**Assignment**. Make an exact copy of the lines from the one containing "Style # JQ1136" through the end of the records below, and leave out every picture.

Captioned web image data
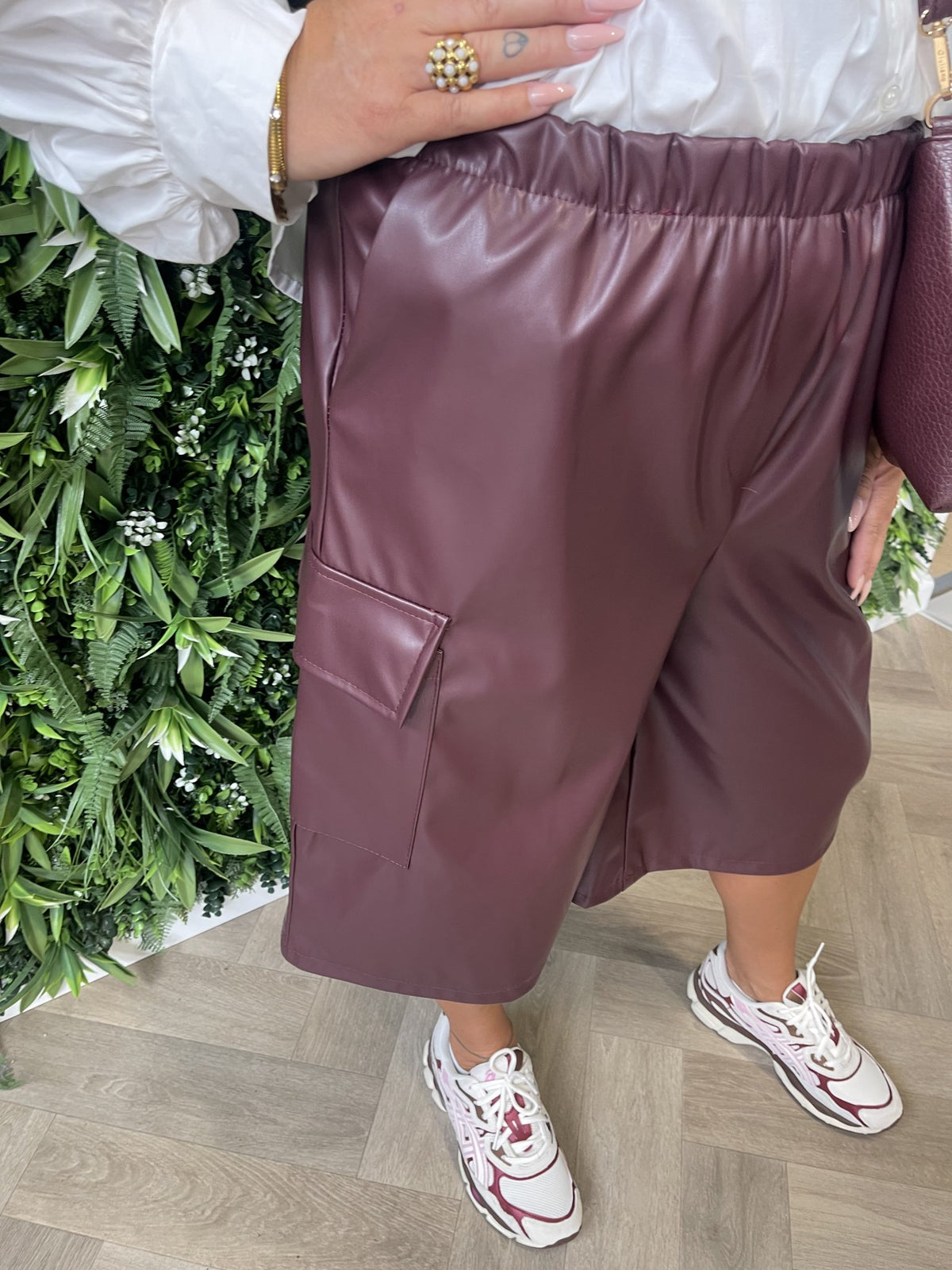 Leatherlook cargo bermuda met zakken bordeaux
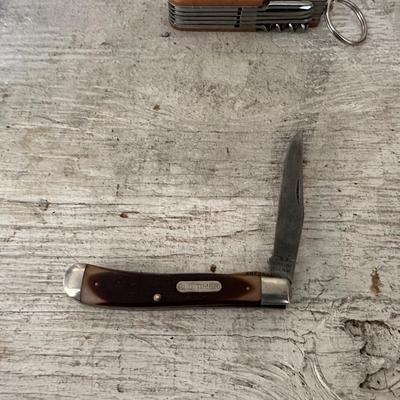 3 POCKET KNIVES AND A LEATHER SHEATH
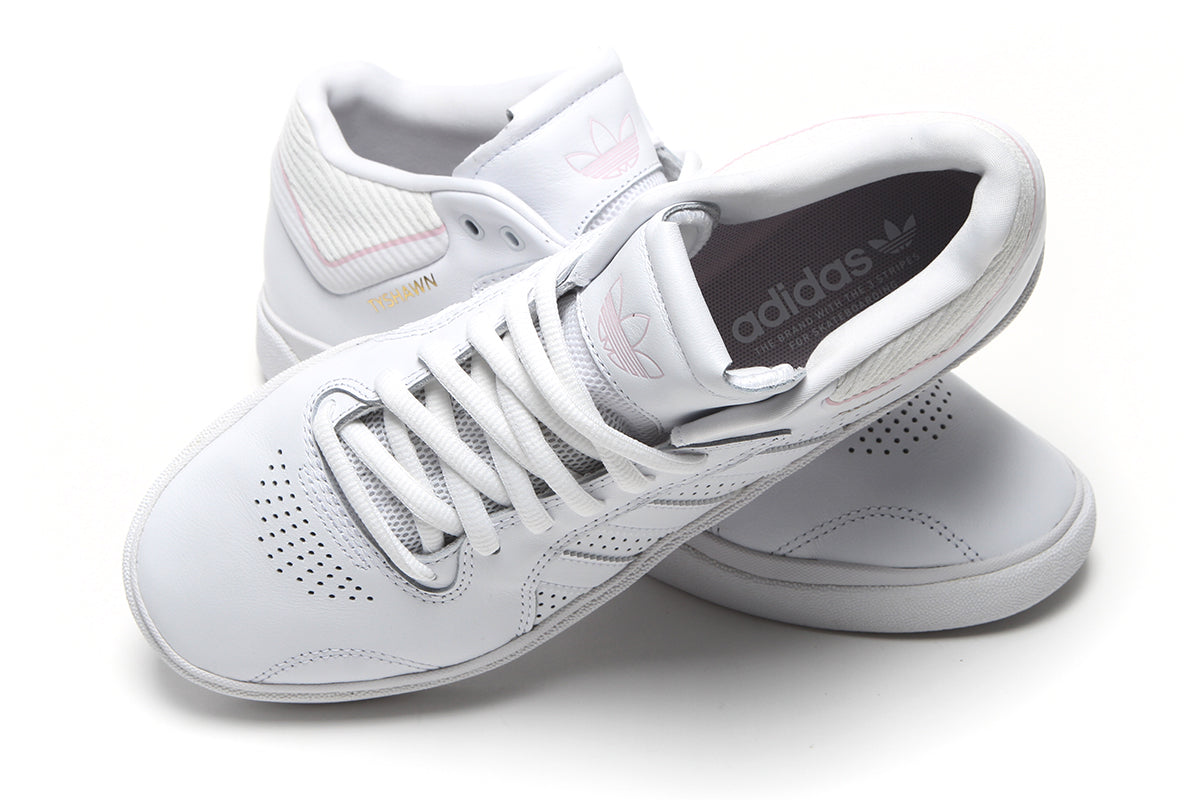 Adidas - Tyshawn
Style # JQ1136
Color : Footwear White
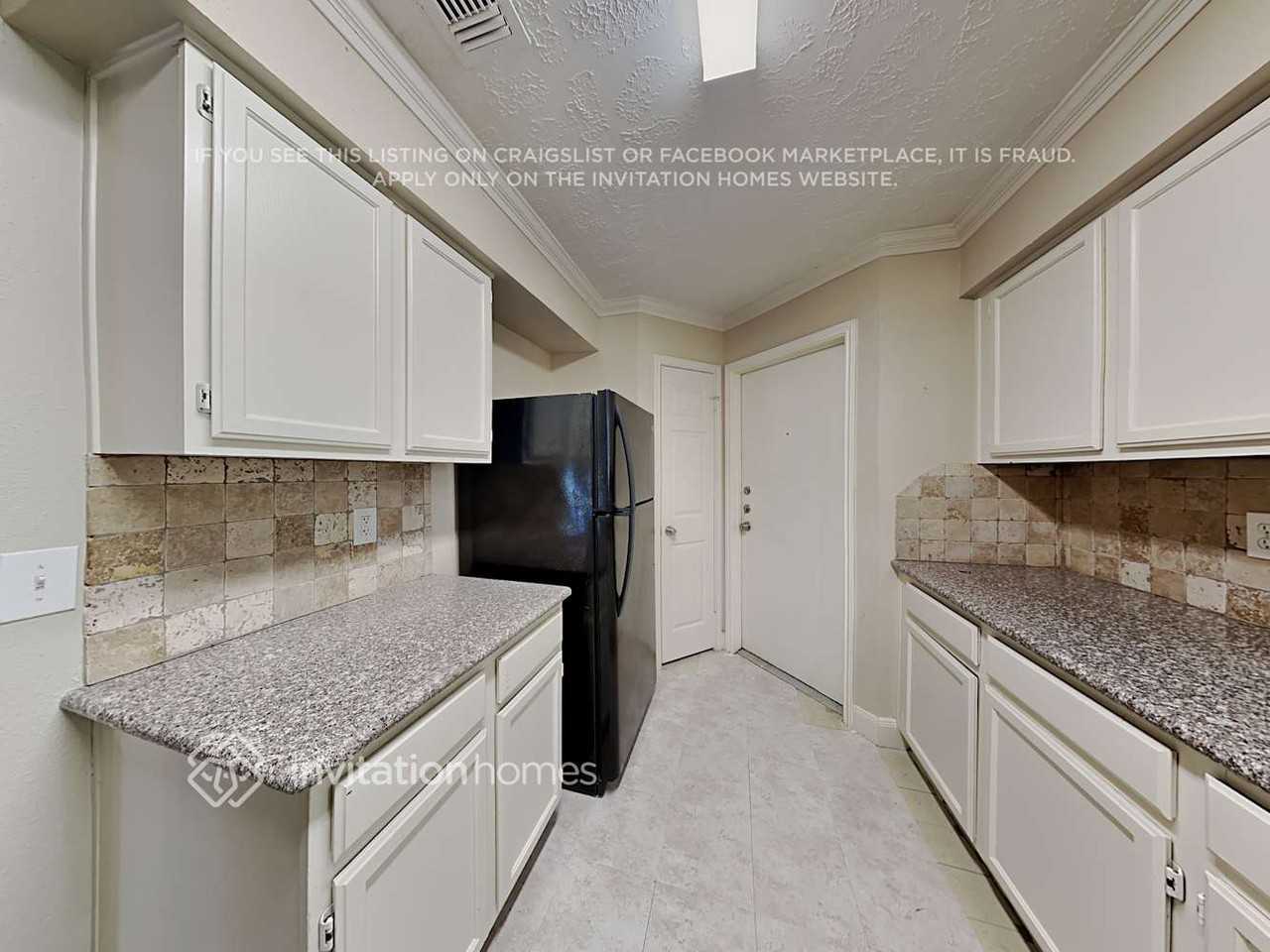 8330 Pebbledowne Dr - Photo 6 of 17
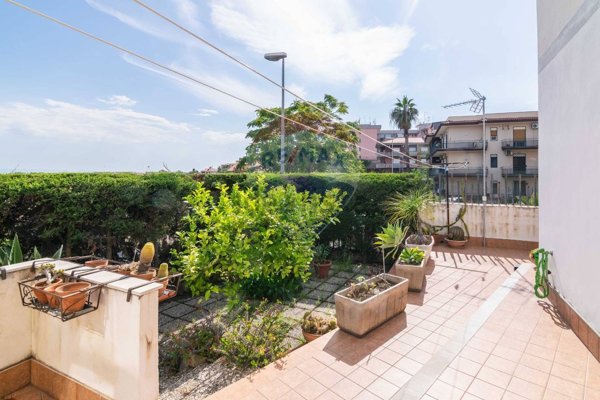 appartamento in vendita a Gravina di Catania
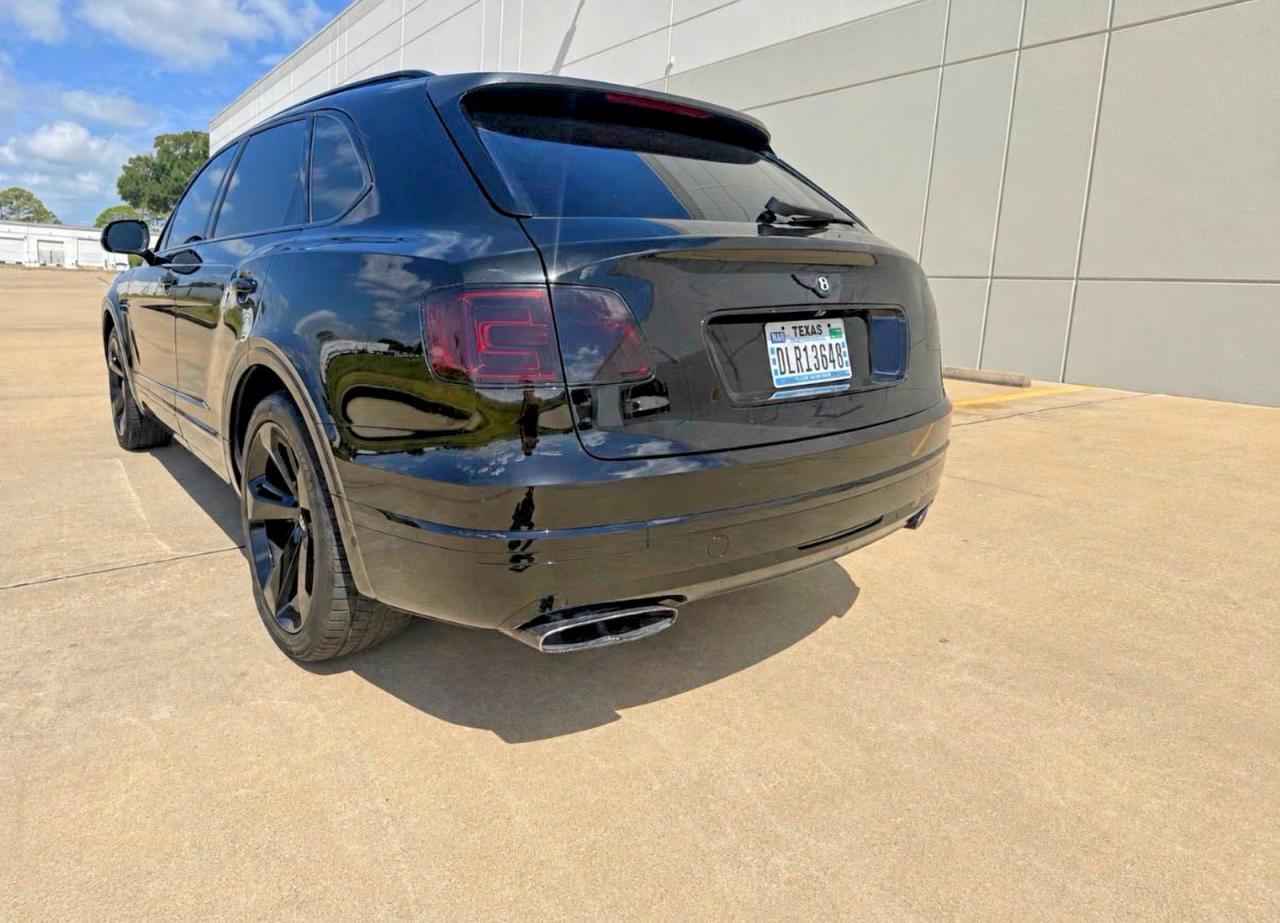 2017 Bentley Bentayga - Image 3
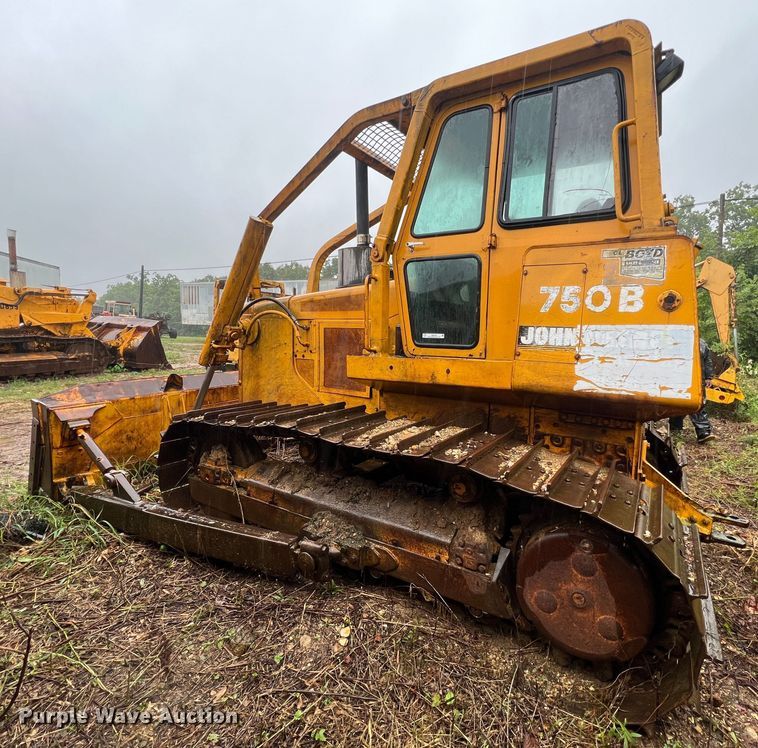 image for item JM9135 1989 John Deere 750B  dozer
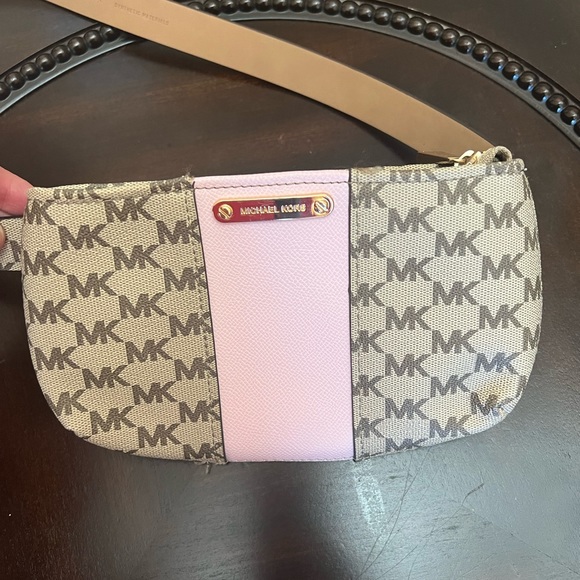 Michael Kors Belt leather mini side purse size Large - Picture 5 of 7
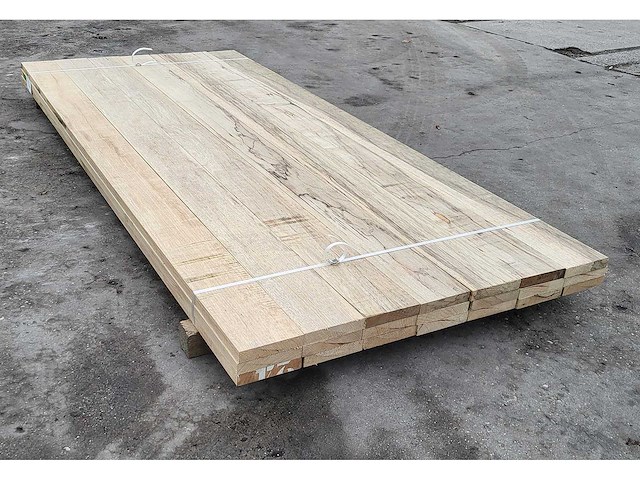 21 planken afrikaans eiken 30 x 155 mm, lengte 245 cm - afbeelding 4 van  4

**Task output**.
Style # JQ1136
Color : Footwear White
 8330 Pebbledowne Dr - Photo 6 of 17
 appartamento in vendita a Gravina di Catania
 2017 Bentley Bentayga - Image 3
 image for item JM9135 1989 John Deere 750B  dozer
 Michael Kors Belt leather mini side purse size Large - Picture 5 of 7
 21 planken afrikaans eiken 30 x 155 mm, lengte 245 cm - afbeelding 4 van  4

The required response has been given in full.